Friday, December 19, 2014

Surat yang Terlipat



Perpustakaan, selasa 31 juli 2012, sebelas lewat empat puluh sembilan


Apa kabar?
Lihat baru satu kalimat saja kutulis aku sudah tercekat, pertanda kamu memang bukan orang biasa untukku, apapun tentangmu aku berharap baik-baik saja, terdengar klise ya, tapi itu adalah ungkapan jujur yang paling sederhana.

Aku hanya ingin bercerita tentang beberapa hal yang pastinya tidak kamu ketahui belakangan ini.
kamu kemarin datang mengendap ke rumah kayuku ketika matahari telah tinggi, aku asyik bermain di taman belakang, sehingga tak kusadari bahwa kamu telah lama berdiri disana, dulu ini adalah rumahku, rumahmu juga, rumah kita, tapi entah belakangan hanya aku saja penghuninya, sejak aku tahu bahwa penghuninya hanya aku, aku tutup pintu depan  rapat-rapat aku lebih asyik bermain sendiri, diam yang berdimensi, menunggu waktu hingga bosan.

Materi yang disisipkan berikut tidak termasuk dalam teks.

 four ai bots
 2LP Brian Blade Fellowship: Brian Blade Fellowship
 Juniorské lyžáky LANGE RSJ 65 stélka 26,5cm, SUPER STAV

Lalu kamu datang lagi, setelah bepergian begitu jauh, membawa banyak oleh-oleh, seperti dulu, rutinitas yang sering kamu lakukan. Tapi kali ini kepergianmu lain dari biasanya, aku ingat...ketika terakhir kali kamu meninggalkan rumah, aku menghadiahi pelukan untukmu, kecupan pada dahimu, aku melihat diriku pada riak matamu, matamu basah...akupun ia, saat itu kamu “sakit”, akupun “sakit”.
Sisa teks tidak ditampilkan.